April, The Daily {W}Rite 2o15 wk o4



Thursday,
April 23rd. One month from today I'll have had 67 years on this planet. Got me to thinking about age and all the little clichés people throw at you when you start getting old . . .  all those wise-old-sayings about "being" alive for a long time. One of my favorites to hate? "You're as old as you feel." If that's true I'm a hell of a lot older than 67 . . . I "feel" like a thousand years have gone by. And there's always the one that people have no qualms about shouting out when you're feeling lower than the Dead Sea:  "Life is too short to be sad." Hey, not to me. It seems I've been emotionally under the weather my whole life . . .  and this "sad," little existence I'm surviving just keeps going on and on . . . Sure you take a nap once in awhile just to breakup the monotony of consciousness, but life's always there staring at you through the bedroom window the moment you wake up!

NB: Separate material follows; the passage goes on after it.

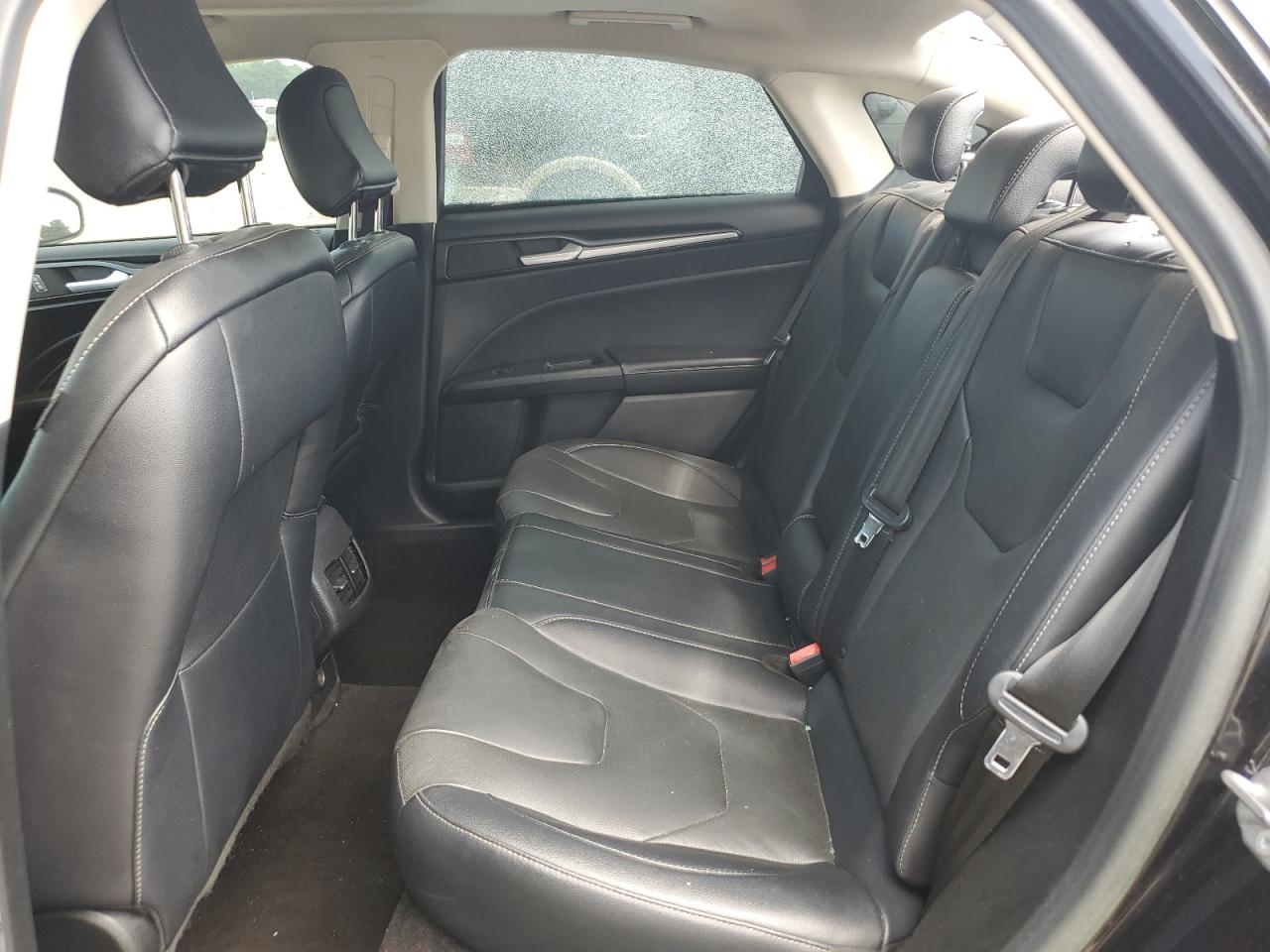 2020 Ford Fusion - Image 10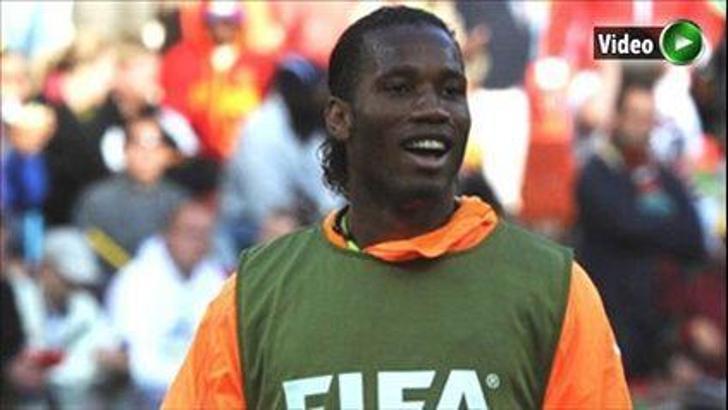 Yardım meleği Drogba!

I remember at 23, just out of the Marine Corps, living with my sister and her family, riding along with my then brother-in-law (who was a cop), going to the local grade school to pick-up my nieces. I saw this crossing guard old man walking some kids across the street  . . . bright yellow safety vest, make believe cop hat, waving a big red and white "stop sign on a stick" at us. "Man," I chuckled, "that dude is really old." Brother-in-law stared at me with a huge, fake smile on his face, "That man is only 30 years old." So, what, I was thinking, to me that's fucking OLD! Hell, at the time I had no expectation of seeing 30 years old. It would be unnatural to go passed the three tens . . . "Trust nobody over thirty!" "Hope I die before I get old." That was my train of thought. But the guy who wrote that last line, Pete Townshend, he's now 69. Like me I bet he never thought there was life after 30. Hell, I thought I'd hit 30 and bam! I'd just disappear. Didn't happen. Yes, I am slowly dissolving into nothingness . . . but we all are doing that . . . from the day we step out of that womb-with-no-view we've been dying. Some of us just take a lot longer to get to the end . . . Damn you, Beckett, for putting this existential nonsense inside my HEAD! {smile}

Saturday, April 25, 2o15
It seems to be too difficult any more to just sit down and work on my writing, work on my poetry, hell, work at anything. Lazy? lethargic? Just too old to care about being creative? I don't know. I'm just not interested in doing anything other than "playing" around on Facebook or watching TV. I miss my creative self, my energetic self . . . I use to have
such a kick-ass abundance of creative energy. I never worried about my art , how good or bad it might turn out, I just did it.

Did get one thing done this last week, though. Got that piece of art I purchased last Art Walk framed. Though it was a cheap metal frame with a white matting job thrown in, it cost about $25.00, five dollars more than the painting cost me. One of the Hobby Lobby workers really liked the picture. I told him about the artist, Manda Shae Dickinson, how she was from Lawton and just recently arrived in Norman. I didn't think about it until just now, but I should've gotten her to sign it, damn it. Anyway, I need to get in the writing "mood" again. I need to start getting creative again. I miss it.